Os partidos políticos da Tunísia escolheram Mehdi Jomaa para formar o governo independente que tentará tirar da crise e do caos político o país onde nasceu a chamada "Primavera Árabe", em 2011. Jomaa é o ministro da Indústria na actual coligação, que é dominada pelos islamistas do Ennahda.

A nomeação culminou meses de negociações difíceis e que chegaram a ser interrompidas — a escolha de Jomaa levou a que três partidos abandonassem o diálogo por não concordarem com a proposta; ao todo participaram na conferência para o entendimento nacional 21 partidos.

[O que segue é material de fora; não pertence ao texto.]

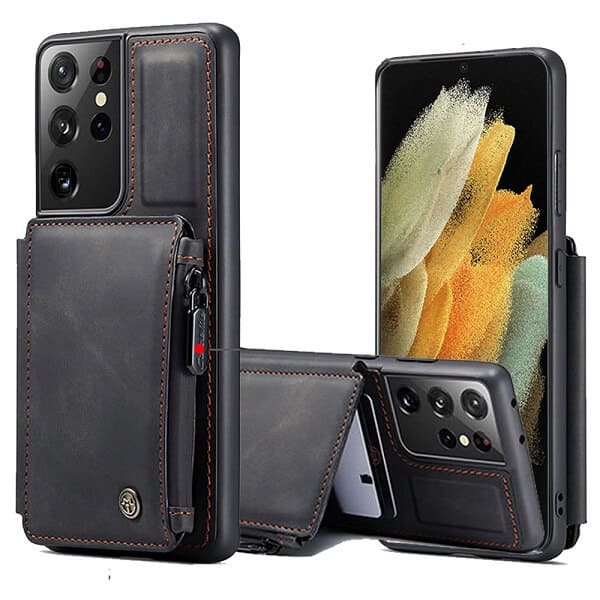 Samsung Galaxy S21 Ultra Black CaseMe Back Zipper Wallet Case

“O nosso povo esperou demasiado tempo, mas, apesar das dificuldades e obstáculos, o diálogo não foi em vão”, disse o mediador das negociações entre os islamistas e os partidos laicos Hucine Abasi, secretário-geral da influente organização sindical UGTT (União Geral dos Trabalhadores da Tunísia).

A escolha de Jomaa não significa que o processo que se segue vai ser totalmente pacífico. Os islamistas do Ennahda — que fizeram uma primeira cedência no mês passado aceitando afastar-se do poder ainda este mês, dando lugar a um governo de transição — já questionaram o calendário previsto para o novo executivo entrar em funções e marcar eleições legislativas em 2014. O Ennahda tem repetido que o governo transitório só pode tomar posse quando houver uma nova Constituição — a nova lei fundamental tunisina está a ser redigida há já dois anos — e uma nova lei eleitoral.

Alguns críticos disseram que o Ennahda está a tentar arrastar a transição de forma a conseguir deixar algumas marcas na legislação.

A crise e o caos instalaram-se na Tunísia depois do assassínio, em Julho, do líder da oposição laica Mohammad Brahmi; era uma das principais figuras da esquerda nacionalista e foi morto com 14 tiros à porta de casa em Tunes, suspeitando-se que jihadistas tenham sido os autores do crime.

A morte de Brahmi gerou protestos em muitas cidades do país, exigindo os manifestantes a demissão do governo islamista. Após a revolução de Janeiro de 2011 que depôs o regime de Zine El Abidine Ben Ali, islamistas radicais foram acusados (mas nem sempre responsabilizados) de actos de violência, por exemplo, o ataque de Setembro contra a embaixada dos Estados Unidos. Na cidade de Sidi Bouzid (onde a revolta começou ainda em 2010; terça-feira a Tunísia assinala o 3.º aniversário do início da revolução), manifestantes atacaram sedes do Ennahda, ateando fogo a algumas delas, relatou a Reuters na altura.

Em Outubro, começaram as negociações que pareciam estar destinadas a falhar — a UGTT dera um prazo aos partidos para se entenderem, e esse prazo acabou sábado de manhã; o acordo foi firmado nos últimos minutos. O nome que reunia mais consenso, o político e sindicalista Mustapha Filali, acabaria por se afastar do processo por considerar que é demasiado velho para liderar o país neste momento delicado. Tem 92 anos, Mehdi Jomaa tem 50.

O nome do futuro primeiro-ministro interino foi bem recebido pela imprensa tunisina citada pela AFP. O jornal Adhamir disse que o entendimento entre os islamistas e a oposição secular — e a escolha do ministro da Indústria — era um “sinal de esperança” na pacificação da Tunísia. “A escolha de Mehdi Jomaa mostra que o nosso povo é capaz de resolver os seus desacordos pela via do diálogo”, lia-se no jornal — noutro país da Primavera Árabe, a chegada ao poder dos islamistas provocou um golpe militar e centenas de mortos.

O diário La Presse, mais prudente, notava que a escolha do engenheiro era o resultado de “uma maratona desesperada” de negociações cheias de “golpes de teatro”. Sublinhava que Jomaa é um tecnocrata, mas é também próximo do Ennahda e que a oposição pode ter cometido um erro ao aceitá-lo como primeiro-ministro interino.